Copy out exactly the lines below that run from the one holding "晃牙 缶バッジ - メルカリ" to the one holding "Valley of Dreams: Explore", keeping both of those lines and no others.

Web page caption snippets
============================================================

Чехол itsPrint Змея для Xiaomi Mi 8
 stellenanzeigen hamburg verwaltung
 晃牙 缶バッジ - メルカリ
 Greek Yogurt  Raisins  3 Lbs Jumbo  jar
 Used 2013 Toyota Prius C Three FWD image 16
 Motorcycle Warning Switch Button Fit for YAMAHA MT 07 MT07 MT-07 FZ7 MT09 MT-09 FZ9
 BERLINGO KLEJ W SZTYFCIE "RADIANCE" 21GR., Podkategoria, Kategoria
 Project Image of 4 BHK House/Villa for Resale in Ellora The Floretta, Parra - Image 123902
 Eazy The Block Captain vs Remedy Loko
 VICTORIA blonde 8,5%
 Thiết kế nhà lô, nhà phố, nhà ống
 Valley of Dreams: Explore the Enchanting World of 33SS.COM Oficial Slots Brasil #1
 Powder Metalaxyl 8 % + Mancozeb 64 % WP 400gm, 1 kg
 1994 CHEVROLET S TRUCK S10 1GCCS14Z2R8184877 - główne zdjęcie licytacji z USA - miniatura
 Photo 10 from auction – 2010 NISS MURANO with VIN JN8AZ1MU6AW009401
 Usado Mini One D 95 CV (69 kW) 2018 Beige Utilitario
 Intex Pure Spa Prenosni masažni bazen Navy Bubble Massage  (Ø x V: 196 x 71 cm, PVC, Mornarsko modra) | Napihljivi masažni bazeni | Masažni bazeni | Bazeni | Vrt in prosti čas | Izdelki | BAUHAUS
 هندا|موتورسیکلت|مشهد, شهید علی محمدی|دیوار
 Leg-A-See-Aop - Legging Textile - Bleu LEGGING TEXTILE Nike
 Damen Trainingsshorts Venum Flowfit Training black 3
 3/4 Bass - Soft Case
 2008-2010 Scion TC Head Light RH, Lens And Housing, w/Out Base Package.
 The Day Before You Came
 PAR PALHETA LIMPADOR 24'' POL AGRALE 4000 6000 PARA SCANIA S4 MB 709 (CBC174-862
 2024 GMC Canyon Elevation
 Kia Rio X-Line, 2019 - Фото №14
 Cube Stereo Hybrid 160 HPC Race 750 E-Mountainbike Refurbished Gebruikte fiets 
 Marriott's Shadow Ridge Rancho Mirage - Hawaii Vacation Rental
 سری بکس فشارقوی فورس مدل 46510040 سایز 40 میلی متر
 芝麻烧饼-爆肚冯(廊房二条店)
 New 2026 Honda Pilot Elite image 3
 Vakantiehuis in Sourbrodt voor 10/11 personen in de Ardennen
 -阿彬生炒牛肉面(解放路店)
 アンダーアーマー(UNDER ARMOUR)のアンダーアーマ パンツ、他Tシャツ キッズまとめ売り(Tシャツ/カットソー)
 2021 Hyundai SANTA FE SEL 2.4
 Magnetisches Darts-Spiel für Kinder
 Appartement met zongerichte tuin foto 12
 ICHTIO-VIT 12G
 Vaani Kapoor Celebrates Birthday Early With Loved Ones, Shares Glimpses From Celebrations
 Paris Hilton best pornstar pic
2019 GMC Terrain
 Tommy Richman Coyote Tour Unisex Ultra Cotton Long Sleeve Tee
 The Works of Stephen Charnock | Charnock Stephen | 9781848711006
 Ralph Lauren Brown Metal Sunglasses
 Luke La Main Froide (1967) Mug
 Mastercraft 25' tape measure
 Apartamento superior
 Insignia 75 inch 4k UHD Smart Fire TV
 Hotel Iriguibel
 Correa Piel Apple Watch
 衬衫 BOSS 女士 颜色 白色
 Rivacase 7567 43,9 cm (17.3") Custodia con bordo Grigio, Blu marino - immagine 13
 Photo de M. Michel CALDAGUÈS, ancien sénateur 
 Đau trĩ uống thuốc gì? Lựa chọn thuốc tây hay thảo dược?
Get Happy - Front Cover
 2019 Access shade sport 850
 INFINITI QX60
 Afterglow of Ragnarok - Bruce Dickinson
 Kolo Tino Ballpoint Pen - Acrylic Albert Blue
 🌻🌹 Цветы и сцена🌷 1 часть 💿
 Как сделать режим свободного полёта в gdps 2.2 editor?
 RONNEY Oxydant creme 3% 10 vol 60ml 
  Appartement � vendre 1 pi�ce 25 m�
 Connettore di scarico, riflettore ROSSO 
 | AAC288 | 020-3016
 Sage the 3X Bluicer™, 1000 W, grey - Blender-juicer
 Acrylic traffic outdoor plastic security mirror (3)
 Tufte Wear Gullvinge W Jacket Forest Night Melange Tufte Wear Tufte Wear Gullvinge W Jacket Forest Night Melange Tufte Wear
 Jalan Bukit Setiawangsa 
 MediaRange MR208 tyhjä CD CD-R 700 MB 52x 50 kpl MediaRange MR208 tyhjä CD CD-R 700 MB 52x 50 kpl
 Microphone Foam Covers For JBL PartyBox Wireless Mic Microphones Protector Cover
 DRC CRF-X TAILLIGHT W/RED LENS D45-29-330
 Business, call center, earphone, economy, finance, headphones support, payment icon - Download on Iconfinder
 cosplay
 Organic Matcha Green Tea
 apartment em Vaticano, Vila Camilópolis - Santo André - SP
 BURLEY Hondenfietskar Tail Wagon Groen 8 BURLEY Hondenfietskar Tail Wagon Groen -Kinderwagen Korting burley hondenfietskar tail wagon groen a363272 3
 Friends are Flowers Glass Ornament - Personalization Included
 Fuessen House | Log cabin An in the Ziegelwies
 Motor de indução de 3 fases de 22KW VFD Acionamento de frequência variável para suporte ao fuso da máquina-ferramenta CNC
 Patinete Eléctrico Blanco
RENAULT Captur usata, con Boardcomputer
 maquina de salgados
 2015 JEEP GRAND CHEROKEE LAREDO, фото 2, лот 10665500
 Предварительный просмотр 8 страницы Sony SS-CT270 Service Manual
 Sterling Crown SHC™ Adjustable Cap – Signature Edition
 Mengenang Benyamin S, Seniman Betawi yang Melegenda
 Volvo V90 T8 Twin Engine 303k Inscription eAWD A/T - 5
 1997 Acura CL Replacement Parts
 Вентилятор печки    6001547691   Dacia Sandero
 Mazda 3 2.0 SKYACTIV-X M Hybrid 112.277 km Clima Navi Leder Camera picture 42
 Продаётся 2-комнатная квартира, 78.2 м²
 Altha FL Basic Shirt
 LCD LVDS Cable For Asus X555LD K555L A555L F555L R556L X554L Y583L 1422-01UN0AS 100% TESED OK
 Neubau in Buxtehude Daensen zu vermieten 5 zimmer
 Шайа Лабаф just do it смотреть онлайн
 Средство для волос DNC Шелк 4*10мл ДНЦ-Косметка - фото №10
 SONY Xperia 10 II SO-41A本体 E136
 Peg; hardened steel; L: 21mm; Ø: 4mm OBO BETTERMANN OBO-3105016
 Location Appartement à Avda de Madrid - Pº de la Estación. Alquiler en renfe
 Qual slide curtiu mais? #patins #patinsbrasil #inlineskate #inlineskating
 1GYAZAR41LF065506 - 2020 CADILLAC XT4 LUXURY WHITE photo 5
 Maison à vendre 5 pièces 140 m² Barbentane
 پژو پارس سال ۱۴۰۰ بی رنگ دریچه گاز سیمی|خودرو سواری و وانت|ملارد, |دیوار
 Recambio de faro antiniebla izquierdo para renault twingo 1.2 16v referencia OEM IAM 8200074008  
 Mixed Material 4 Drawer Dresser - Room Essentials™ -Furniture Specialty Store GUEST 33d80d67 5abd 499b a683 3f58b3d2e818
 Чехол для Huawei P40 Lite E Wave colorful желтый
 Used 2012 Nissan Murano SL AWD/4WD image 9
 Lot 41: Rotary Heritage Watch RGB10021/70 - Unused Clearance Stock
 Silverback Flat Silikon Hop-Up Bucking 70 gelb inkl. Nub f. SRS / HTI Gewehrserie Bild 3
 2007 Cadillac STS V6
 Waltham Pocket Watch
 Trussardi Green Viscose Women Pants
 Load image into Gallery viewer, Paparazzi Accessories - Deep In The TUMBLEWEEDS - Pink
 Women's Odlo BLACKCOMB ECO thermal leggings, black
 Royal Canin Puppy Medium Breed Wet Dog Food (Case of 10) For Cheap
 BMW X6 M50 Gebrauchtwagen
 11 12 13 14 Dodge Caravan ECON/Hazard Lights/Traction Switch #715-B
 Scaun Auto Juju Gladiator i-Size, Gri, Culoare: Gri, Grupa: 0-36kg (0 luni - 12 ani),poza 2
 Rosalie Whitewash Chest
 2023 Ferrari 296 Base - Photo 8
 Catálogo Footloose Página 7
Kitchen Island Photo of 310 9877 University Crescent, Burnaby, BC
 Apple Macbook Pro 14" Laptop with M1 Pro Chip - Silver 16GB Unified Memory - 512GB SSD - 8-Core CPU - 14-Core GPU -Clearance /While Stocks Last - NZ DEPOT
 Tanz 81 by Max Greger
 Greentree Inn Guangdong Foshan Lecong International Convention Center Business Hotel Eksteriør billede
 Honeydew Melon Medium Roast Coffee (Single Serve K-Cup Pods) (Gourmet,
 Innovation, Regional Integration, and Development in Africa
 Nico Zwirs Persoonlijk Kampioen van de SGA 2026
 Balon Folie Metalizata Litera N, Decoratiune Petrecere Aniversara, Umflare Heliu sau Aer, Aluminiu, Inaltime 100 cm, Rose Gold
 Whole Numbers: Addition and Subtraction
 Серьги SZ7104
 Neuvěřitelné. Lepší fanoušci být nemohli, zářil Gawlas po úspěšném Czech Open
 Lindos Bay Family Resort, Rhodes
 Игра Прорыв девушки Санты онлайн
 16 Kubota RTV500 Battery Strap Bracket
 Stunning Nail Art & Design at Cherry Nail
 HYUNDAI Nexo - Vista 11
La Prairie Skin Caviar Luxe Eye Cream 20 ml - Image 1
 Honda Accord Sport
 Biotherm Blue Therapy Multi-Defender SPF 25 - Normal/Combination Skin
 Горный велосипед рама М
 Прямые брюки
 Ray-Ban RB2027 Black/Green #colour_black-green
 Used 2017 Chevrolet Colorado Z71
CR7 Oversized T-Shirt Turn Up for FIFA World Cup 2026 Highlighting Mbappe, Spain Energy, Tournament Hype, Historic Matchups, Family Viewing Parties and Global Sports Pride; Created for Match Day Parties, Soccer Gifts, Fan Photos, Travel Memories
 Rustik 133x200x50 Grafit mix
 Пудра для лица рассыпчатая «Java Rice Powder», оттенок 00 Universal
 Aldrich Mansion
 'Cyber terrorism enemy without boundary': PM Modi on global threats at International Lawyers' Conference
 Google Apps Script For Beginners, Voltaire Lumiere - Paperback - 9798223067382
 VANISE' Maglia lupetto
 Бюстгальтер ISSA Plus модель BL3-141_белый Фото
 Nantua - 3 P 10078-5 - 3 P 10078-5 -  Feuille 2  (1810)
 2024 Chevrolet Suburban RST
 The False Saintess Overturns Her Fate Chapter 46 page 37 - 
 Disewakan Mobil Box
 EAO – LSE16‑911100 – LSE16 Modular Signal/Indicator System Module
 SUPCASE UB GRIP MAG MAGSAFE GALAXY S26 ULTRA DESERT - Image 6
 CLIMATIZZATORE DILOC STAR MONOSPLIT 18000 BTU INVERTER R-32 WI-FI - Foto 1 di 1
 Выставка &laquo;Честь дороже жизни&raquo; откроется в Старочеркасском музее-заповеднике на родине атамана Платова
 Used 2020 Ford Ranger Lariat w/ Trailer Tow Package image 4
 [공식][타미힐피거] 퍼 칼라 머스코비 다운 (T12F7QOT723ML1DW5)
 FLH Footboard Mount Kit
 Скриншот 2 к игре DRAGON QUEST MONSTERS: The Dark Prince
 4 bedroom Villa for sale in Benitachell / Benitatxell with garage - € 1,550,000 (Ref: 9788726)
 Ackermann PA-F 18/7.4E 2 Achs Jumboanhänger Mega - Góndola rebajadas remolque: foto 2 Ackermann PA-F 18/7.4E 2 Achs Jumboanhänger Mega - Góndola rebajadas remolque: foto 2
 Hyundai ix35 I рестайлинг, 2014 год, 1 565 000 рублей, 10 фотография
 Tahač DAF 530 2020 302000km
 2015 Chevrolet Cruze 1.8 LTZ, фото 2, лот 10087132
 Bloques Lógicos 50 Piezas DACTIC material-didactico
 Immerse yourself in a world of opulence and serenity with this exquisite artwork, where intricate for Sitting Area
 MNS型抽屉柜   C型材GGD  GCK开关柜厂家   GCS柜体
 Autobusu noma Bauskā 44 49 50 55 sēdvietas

============================================================

Output for this task |
 晃牙 缶バッジ - メルカリ
 Greek Yogurt  Raisins  3 Lbs Jumbo  jar
 Used 2013 Toyota Prius C Three FWD image 16
 Motorcycle Warning Switch Button Fit for YAMAHA MT 07 MT07 MT-07 FZ7 MT09 MT-09 FZ9
 BERLINGO KLEJ W SZTYFCIE "RADIANCE" 21GR., Podkategoria, Kategoria
 Project Image of 4 BHK House/Villa for Resale in Ellora The Floretta, Parra - Image 123902
 Eazy The Block Captain vs Remedy Loko
 VICTORIA blonde 8,5%
 Thiết kế nhà lô, nhà phố, nhà ống
 Valley of Dreams: Explore the Enchanting World of 33SS.COM Oficial Slots Brasil #1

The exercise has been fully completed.